[Dataset items]
##############################
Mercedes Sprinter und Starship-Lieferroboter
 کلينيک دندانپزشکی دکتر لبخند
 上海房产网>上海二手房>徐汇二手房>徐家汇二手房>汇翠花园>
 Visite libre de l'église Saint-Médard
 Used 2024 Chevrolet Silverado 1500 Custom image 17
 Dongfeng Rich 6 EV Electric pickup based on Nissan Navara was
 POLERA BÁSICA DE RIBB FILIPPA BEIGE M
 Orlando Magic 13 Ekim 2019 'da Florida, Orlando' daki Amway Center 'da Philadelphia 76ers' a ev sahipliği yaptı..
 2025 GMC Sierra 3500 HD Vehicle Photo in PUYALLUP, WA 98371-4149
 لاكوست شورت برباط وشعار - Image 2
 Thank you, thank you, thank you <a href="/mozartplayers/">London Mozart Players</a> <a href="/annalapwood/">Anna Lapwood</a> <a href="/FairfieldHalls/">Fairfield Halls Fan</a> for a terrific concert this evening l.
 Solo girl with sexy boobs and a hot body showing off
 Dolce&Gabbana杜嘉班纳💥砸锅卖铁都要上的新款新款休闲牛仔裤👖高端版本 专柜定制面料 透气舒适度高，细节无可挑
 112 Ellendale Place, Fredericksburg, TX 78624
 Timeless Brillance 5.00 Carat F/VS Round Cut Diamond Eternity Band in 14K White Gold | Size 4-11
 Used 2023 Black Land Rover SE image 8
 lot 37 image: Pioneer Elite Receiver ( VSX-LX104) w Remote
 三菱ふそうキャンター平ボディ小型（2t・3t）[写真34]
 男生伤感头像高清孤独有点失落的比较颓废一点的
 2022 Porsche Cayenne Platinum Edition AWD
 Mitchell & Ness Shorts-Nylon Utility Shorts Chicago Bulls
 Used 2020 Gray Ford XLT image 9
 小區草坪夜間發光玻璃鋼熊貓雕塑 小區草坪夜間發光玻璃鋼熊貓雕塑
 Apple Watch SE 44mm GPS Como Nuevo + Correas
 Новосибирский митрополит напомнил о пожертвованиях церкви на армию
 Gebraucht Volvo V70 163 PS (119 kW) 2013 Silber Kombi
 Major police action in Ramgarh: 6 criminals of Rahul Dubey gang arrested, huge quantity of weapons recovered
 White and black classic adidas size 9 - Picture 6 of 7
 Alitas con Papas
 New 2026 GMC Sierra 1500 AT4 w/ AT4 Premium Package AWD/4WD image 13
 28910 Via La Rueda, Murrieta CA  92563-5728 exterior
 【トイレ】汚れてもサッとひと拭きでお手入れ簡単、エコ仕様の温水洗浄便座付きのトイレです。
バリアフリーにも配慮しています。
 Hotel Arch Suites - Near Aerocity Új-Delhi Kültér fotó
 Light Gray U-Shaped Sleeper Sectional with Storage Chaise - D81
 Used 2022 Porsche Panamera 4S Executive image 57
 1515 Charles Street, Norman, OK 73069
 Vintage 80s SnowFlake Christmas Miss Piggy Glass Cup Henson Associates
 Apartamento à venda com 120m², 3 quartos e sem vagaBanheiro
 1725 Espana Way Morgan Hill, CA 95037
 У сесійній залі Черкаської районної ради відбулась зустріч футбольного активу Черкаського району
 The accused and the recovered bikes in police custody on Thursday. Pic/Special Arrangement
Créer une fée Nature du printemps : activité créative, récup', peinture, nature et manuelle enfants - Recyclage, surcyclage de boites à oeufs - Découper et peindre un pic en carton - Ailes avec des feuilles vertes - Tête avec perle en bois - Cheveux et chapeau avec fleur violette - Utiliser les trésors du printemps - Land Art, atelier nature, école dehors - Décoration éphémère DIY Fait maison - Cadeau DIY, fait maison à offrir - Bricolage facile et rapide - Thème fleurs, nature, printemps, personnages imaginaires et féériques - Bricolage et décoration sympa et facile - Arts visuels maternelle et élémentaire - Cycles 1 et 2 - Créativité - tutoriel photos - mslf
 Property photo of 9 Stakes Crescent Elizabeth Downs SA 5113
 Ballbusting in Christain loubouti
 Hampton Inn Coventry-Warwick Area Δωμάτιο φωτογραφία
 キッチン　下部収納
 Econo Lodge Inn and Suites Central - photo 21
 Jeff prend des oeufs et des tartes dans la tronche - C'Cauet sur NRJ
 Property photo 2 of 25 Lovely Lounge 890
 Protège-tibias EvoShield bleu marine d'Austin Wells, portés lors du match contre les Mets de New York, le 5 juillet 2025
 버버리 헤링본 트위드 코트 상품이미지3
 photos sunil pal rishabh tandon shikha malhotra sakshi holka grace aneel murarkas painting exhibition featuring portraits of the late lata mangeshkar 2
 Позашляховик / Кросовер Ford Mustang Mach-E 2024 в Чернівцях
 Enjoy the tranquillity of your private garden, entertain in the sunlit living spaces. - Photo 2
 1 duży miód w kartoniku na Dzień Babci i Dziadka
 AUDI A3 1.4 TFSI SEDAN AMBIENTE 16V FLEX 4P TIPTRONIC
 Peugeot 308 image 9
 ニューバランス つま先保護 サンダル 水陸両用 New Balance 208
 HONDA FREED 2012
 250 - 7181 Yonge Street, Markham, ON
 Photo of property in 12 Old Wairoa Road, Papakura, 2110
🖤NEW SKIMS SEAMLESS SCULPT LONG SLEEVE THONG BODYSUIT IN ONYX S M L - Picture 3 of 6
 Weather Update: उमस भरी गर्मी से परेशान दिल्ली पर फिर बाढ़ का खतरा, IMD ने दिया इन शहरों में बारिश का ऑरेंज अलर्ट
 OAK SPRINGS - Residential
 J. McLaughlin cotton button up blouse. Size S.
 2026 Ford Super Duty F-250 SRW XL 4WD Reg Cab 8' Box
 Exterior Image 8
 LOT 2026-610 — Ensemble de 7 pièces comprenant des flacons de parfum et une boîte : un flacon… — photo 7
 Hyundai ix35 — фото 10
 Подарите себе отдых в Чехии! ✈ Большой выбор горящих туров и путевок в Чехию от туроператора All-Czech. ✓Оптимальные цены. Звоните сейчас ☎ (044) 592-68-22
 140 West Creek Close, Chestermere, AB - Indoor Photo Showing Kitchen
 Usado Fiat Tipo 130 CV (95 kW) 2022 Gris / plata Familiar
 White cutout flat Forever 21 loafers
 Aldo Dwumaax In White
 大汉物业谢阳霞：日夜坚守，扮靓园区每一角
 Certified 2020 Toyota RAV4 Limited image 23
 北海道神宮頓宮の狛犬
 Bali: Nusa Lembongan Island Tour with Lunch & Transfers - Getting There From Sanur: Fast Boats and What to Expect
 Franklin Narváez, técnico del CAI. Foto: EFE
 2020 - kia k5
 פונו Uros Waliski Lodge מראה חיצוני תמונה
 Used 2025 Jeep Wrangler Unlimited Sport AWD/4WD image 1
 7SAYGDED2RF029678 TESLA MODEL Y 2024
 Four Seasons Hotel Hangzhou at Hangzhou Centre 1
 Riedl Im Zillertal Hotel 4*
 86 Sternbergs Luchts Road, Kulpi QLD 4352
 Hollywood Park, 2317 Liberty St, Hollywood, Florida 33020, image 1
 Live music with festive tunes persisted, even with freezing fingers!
##############################
> What you have to do
Of the lines above, count those containing the word "Sierra", and give the number by itself.

> Written response
2